### INSTRUCTIONS TO FOLLOW:
Taking the entries below, transcribe only the lines starting with the one with "1610 Green Hollow" and going on through the one with "Terhimpit Ekonomi, Ibu", exactly as written, without the pictures.
____ AVAILABLE DATA
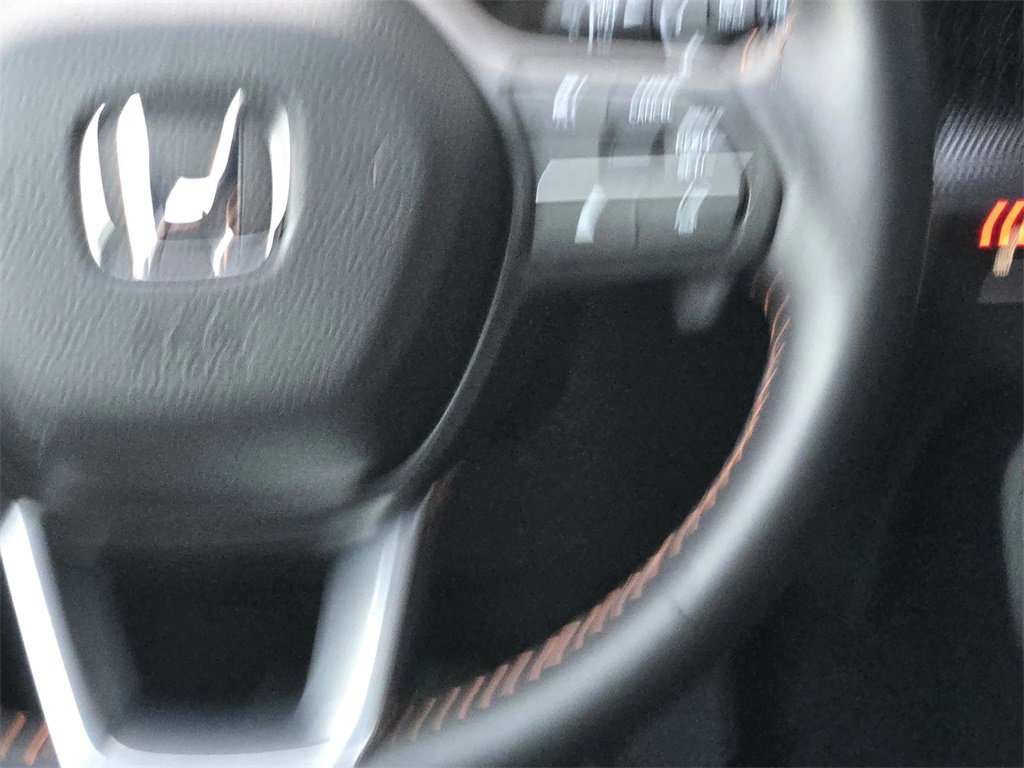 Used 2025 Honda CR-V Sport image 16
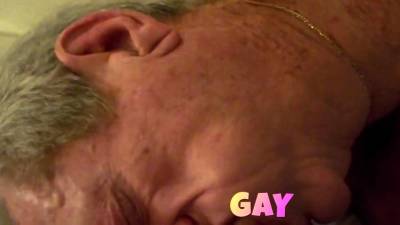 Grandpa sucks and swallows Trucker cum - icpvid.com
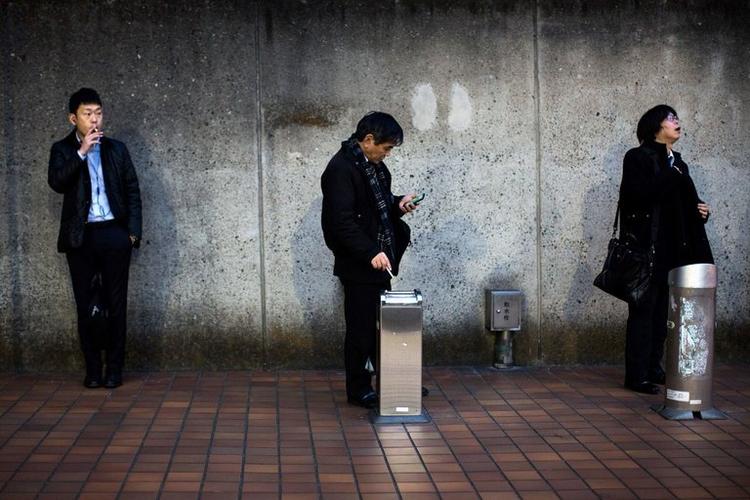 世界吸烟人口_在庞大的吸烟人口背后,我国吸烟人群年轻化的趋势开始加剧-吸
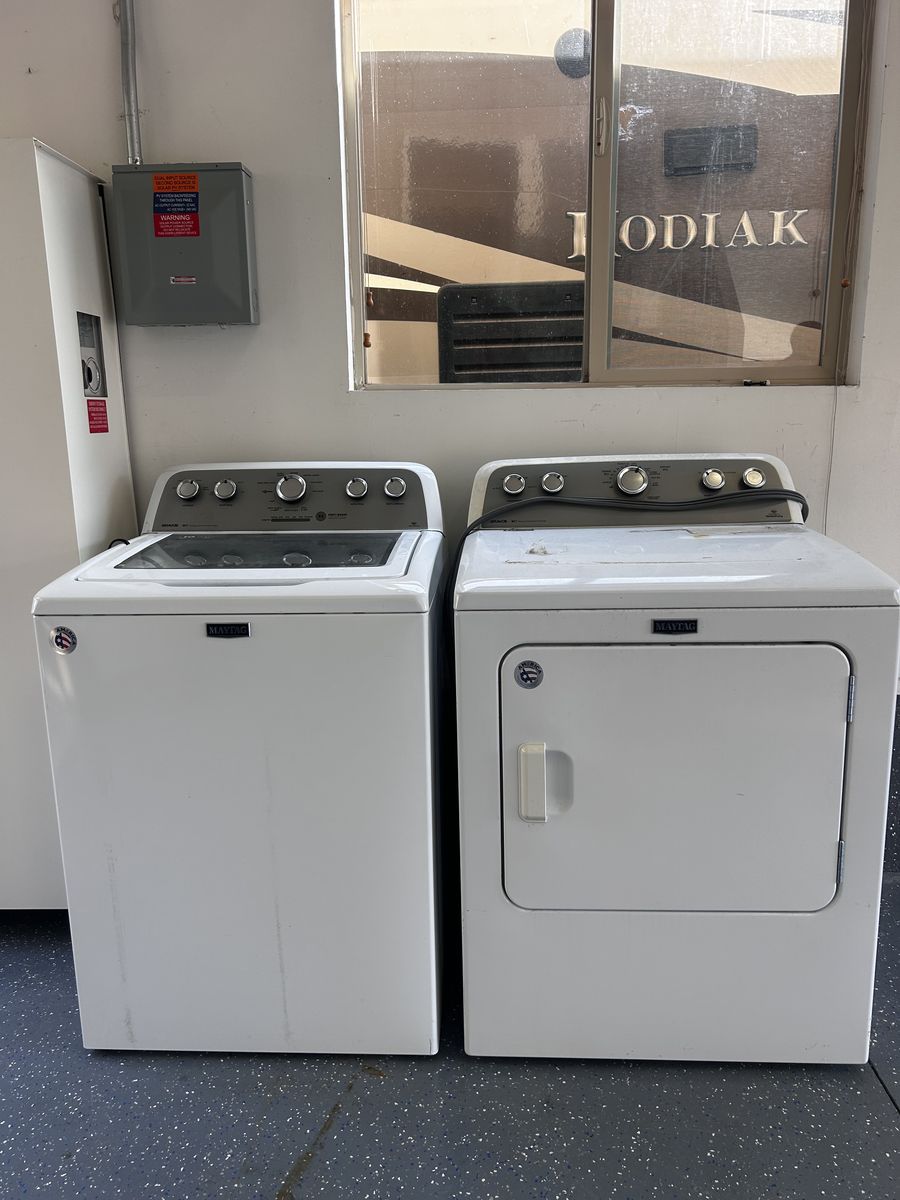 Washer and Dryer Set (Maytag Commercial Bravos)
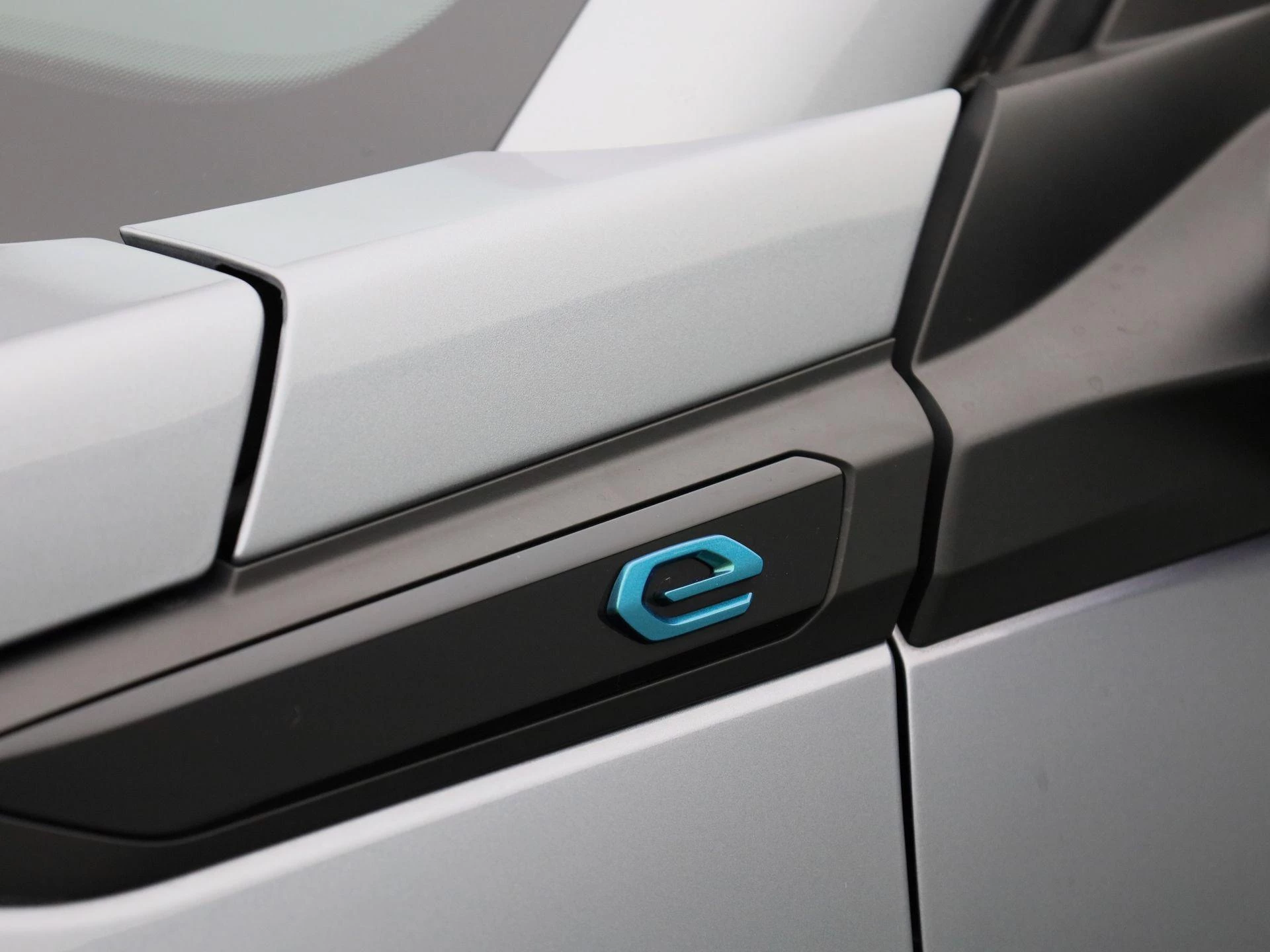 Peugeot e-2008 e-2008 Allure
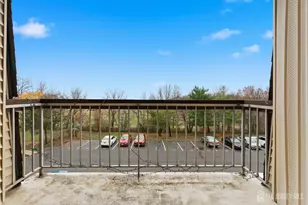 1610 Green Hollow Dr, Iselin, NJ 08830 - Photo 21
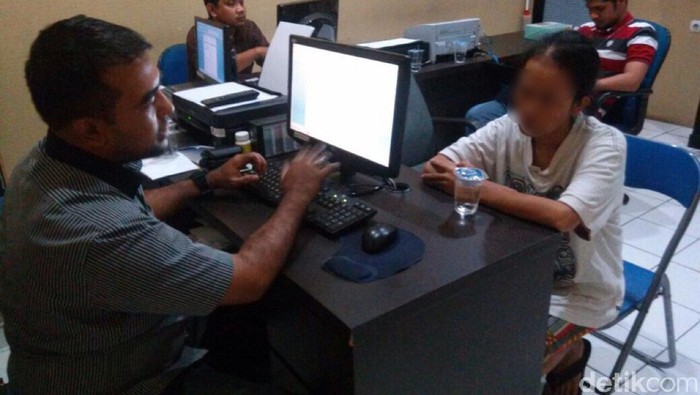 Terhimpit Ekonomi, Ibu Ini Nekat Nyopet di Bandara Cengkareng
________
____ AVAILABLE DATA
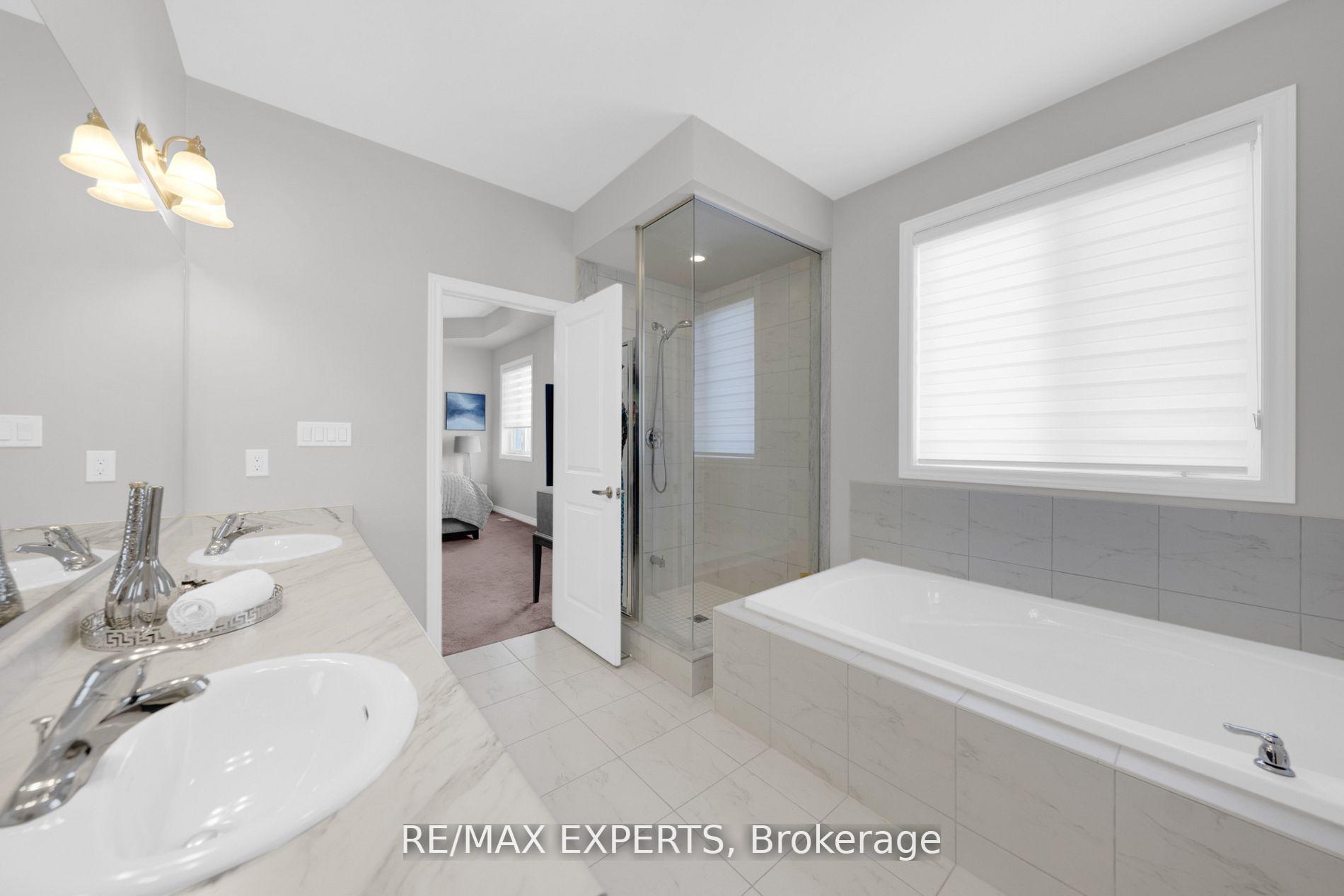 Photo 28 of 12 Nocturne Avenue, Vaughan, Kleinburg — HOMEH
________
### WRITTEN SOLUTION:
 1610 Green Hollow Dr, Iselin, NJ 08830 - Photo 21
 Terhimpit Ekonomi, Ibu Ini Nekat Nyopet di Bandara Cengkareng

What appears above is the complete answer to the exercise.